Первым театром, в котором Анатолий Эфрос начал работать в качестве режиссера, стал Центральный Детский театр (Эфрос возглавил его в 1954 году). Захолустный ЦДТ, хоть и находящийся в самом центре Москвы, буквально на глазах у изумленной публики стал превращаться в самый интересный столичный театр, где одна за другой выходили блестящие постановки: «В добрый час», «Друг мой, Колька», «В поисках радости»…
В постановках Эфроса артисты практически не гримировались, декорации были минимальны, чтобы не отвлекать зрителей от сюжета и персонажей, а говорили артисты на сцене нормальными голосами с нормальными интонациями. Причем и тогда, и впоследствии Эфрос не особенно заботился, о чем говорят герои пьес. Он показывал, что происходит между ними, какие истинные мотивы (не слова) движут персонажами. Отсюда возникала отмечаемая многими необыкновенная психологическая глубина эфросовских постановок. В стране была «оттепель», и это помогало Анатолию Васильевичу отходить от принятых традиций, творить достаточно свободно. Эфрос был просто не способен поставить тот или иной спектакль так, как ставили раньше: «Я могу поставить лишь так, как сегодня чувствую сам». Зачастую он противоречил себе вчерашнему, что приводило к конфликтам с исполнителями ролей.
Успех Центрального Детского театра привел к тому, что в начале 60-х Эфроса переводят в театр Ленинского комсомола. Здесь он поставил несколько спектаклей, сделавших его одним из лучших режиссеров страны: «В день свадьбы» Розова, «104 страницы про любовь» и «Снимается кино» Радзинского, впервые серьезно взялся за классику: «Чайку» Чехова и «Мольера» Булгакова… (Надо особо отметить, что проблема отношения художника и государства, художника и общества, художника и власти очень занимала Эфроса, а обстоятельства его личного творческого пути лишь усугубляли его интерес к данной теме.)

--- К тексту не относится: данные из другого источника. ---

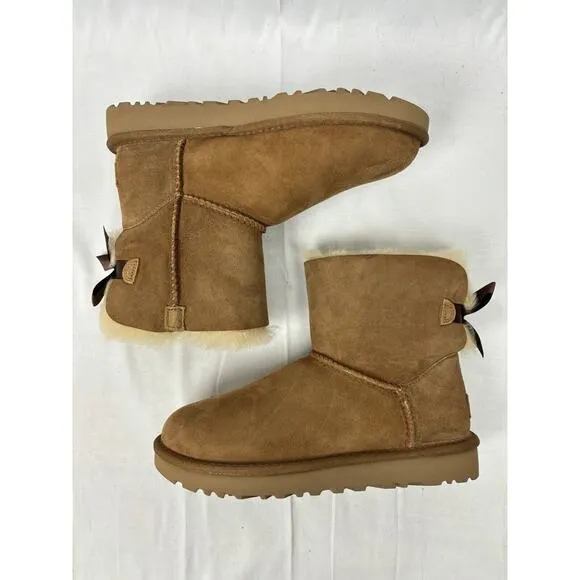UGG Women's Mini Bailey Bow II Chestnut Boots Sz 6 New In Box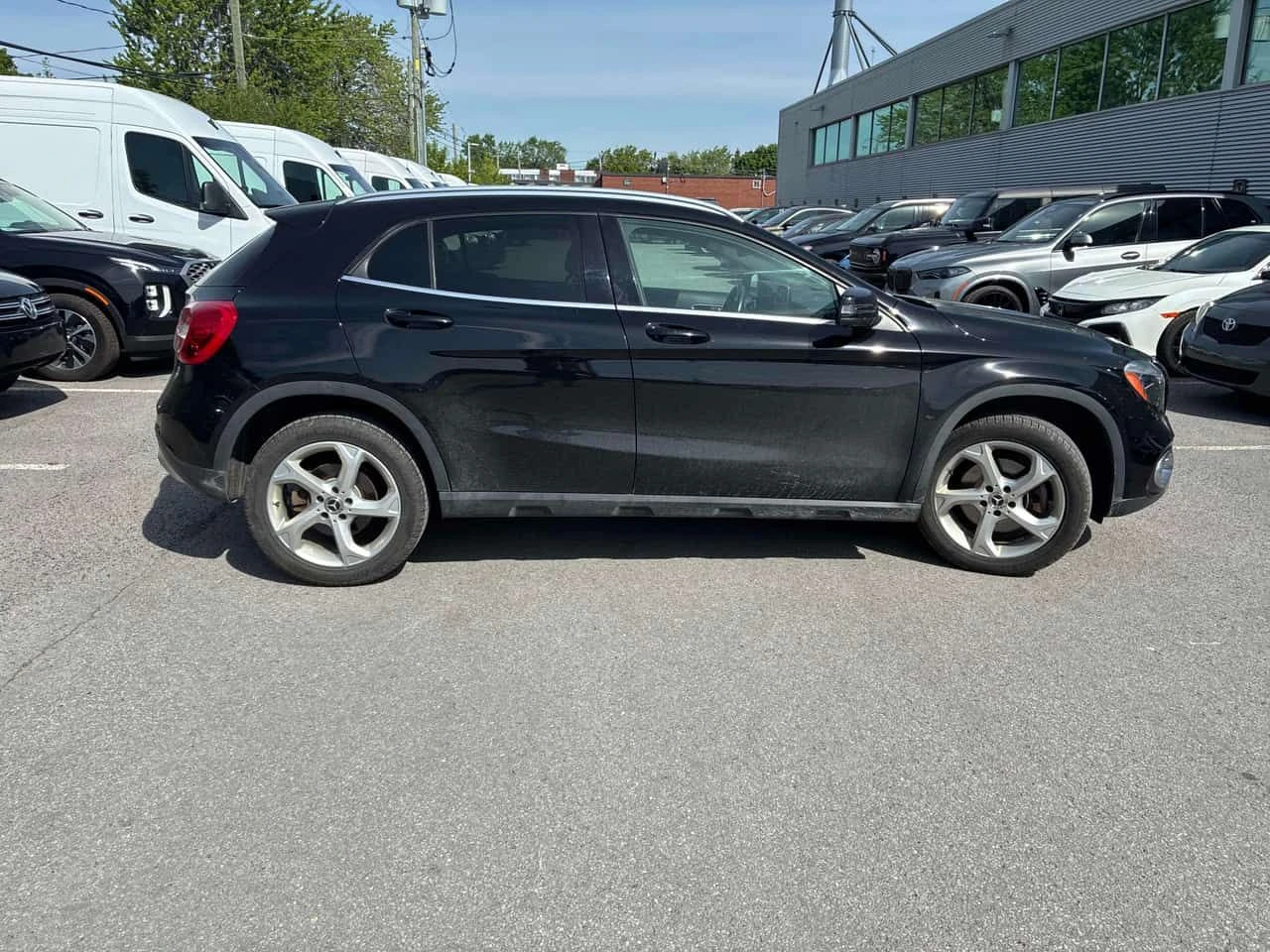Mercedes-Benz GLA 250 ПОДГРЕВИ * ПАНО * KEYLESS * CARFAX, снимка 3 - Автомобили и джипове - 54755371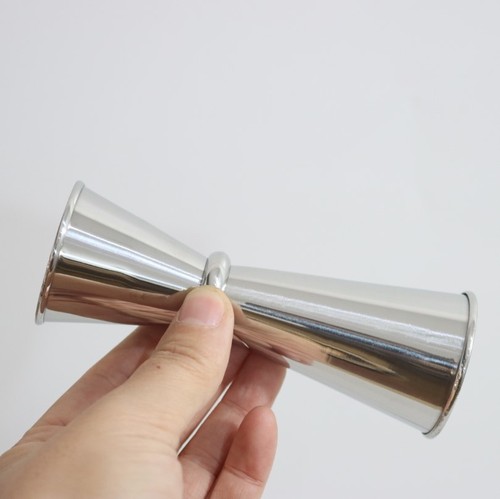 Cross-border hot-selling stainless steel measuring cup double-headed 304 material measuring cup 30/60ml mixing cup curled rim measuring cup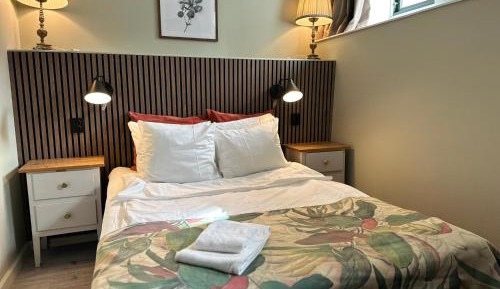 Double Room with Shared Bathroom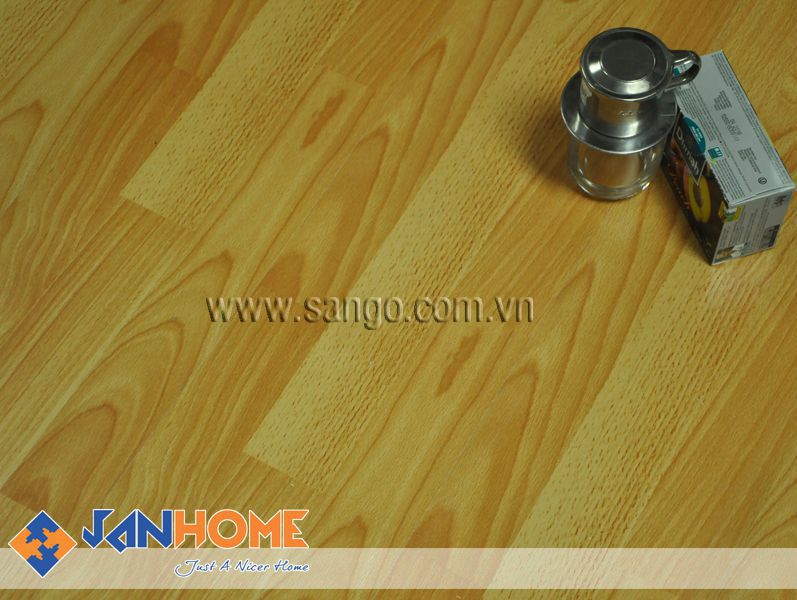 Nội, ngoại thất: JANHOME cung cấp sàn gỗ giá rẻ Hà Nội Cong-trinh-su-dung-san-go-gia-re-2220-31-8mm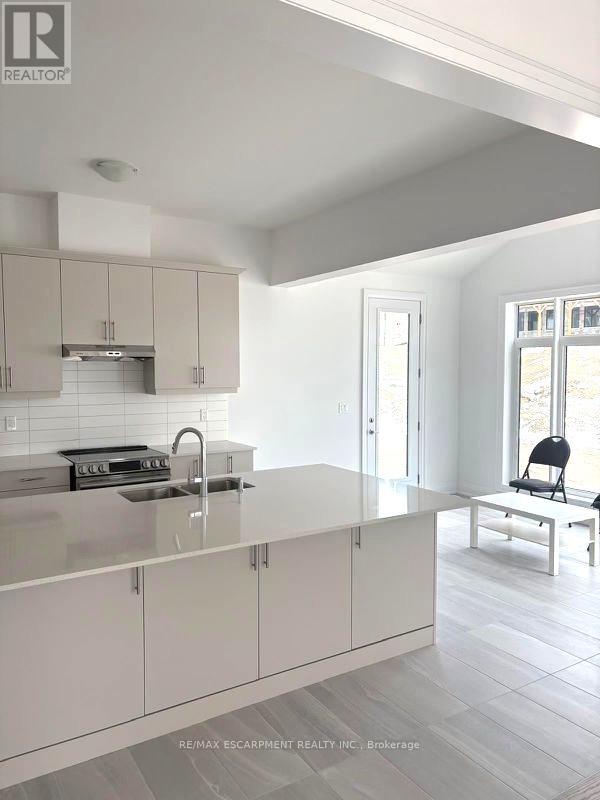 3 Pinetree Drive, Oro-Medonte, Ontario  L0L 2L0 - Photo 9 - S13048682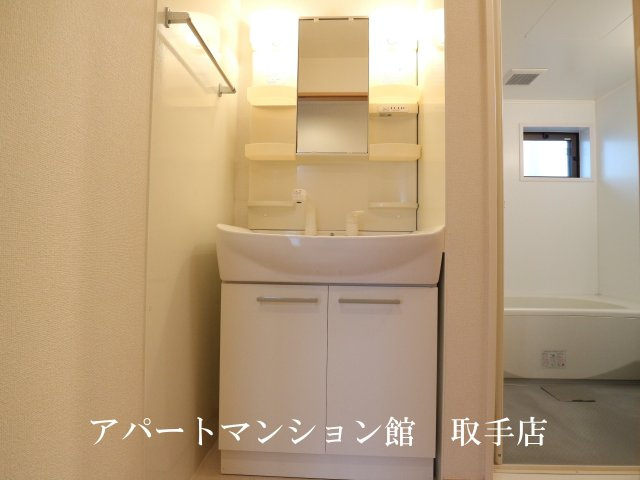 パサージュA棟の独立洗面台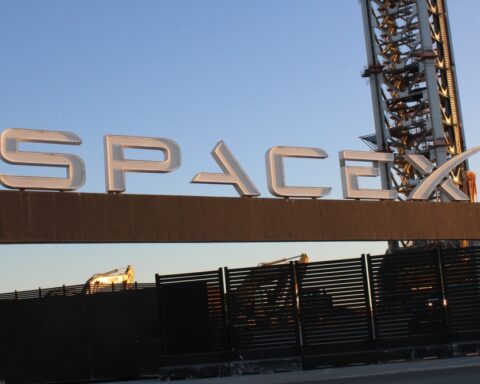 spacex-targets-retail-investors-in-record-ipo-push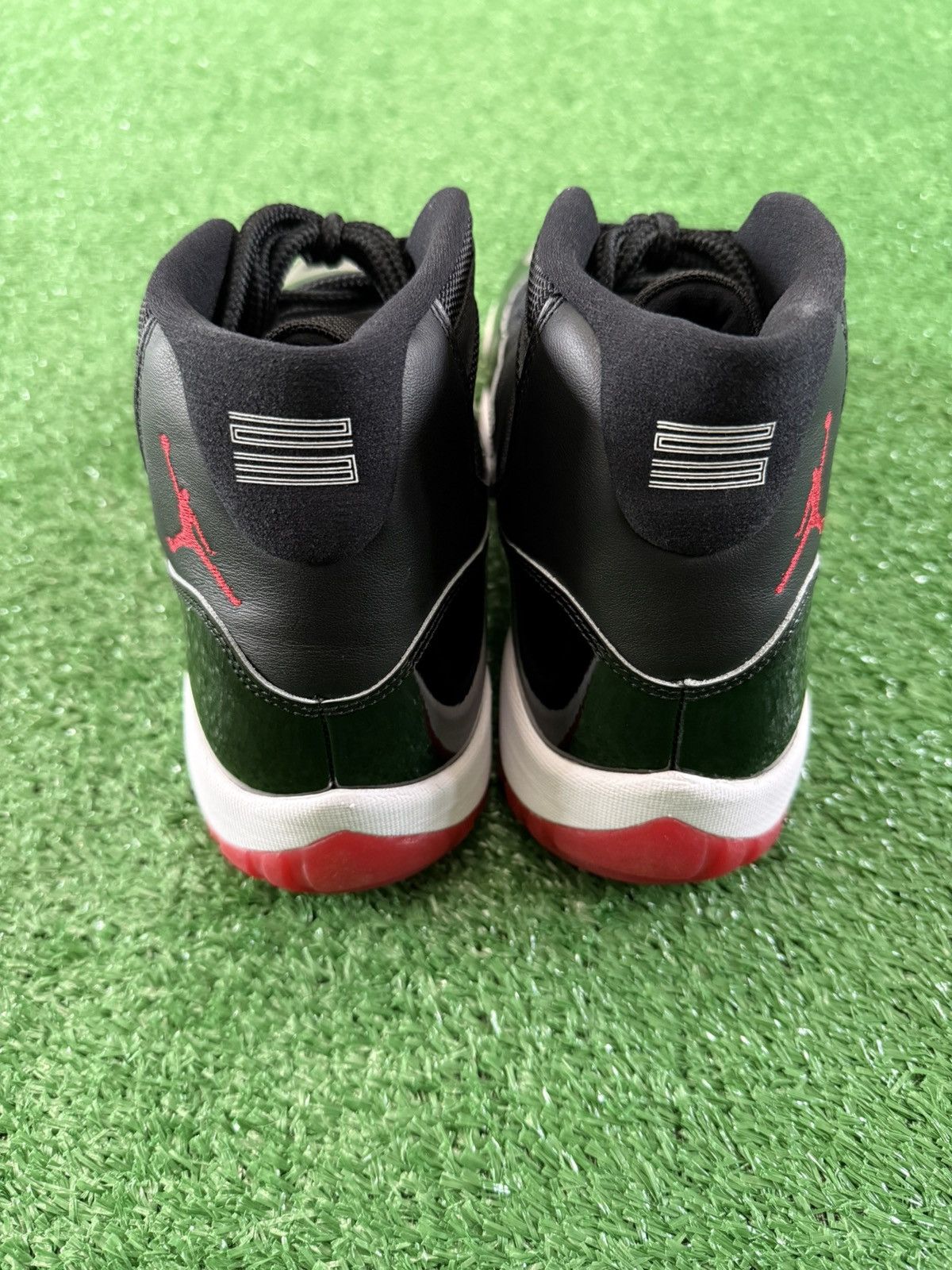 Jordan Brand Nike Air Jordan 11 Retro Bred Size US 11.5 / EU 44-45 - 5 Thumbnail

Во времена работы Анатолия Васильевича в Ленкоме в стране начинается новое давление на деятелей искусства. Театры находятся под постоянным присмотром цензурных органов. В то время как «Современник» и театр на Таганке активно борются с цензурой, зарабатывают славу инакомыслящих, оппозиционных, Эфрос продолжает работать спокойно и в политику пытается не вмешиваться. С одной стороны, артисты театра говорят, что он де играет с огнем — открыто всем рассказывает, что вот пройдет очередной юбилей, а потом развернемся — поставим, что хотим. С другой — один театральный критик отозвался о Анатолии Васильевиче так: «Кто-то славословит большевиков, кто-то критикует. А Эфрос большевиков просто не замечает».
Но эта аполитичность также ставилась в вину режиссеру, и из театра Ленинского комсомола его изгнали — перевели на должность даже не главного, а очередного режиссера в театр на Малой Бронной. Очень показательно для Эфроса, что когда его убрали из Ленкома, лишили театра, он не паниковал, позволял себе посмеиваться над влиятельными режиссерами, поднявшимися на его защиту, не желал испытывать необходимость в защите.
Все это происходило в 1967 году. Эфросу позволили взять с собой десять актеров. Сын Анатолия Васильевича вспоминает, что это был чуть ли не единственный раз, когда к ним на квартиру пришло много людей. Эфрос отобрал десятку любимцев, среди которых были и всем известные сегодня Ширвиндт, Збруев, Дуров. Лев Дуров вообще вскоре стал ведущим актером нового театра, многие его лучшие роли были сыграны в спектаклях по постановкам Эфроса, а самого Анатолия Васильевича Дуров считает Пушкиным в драматическом искусстве.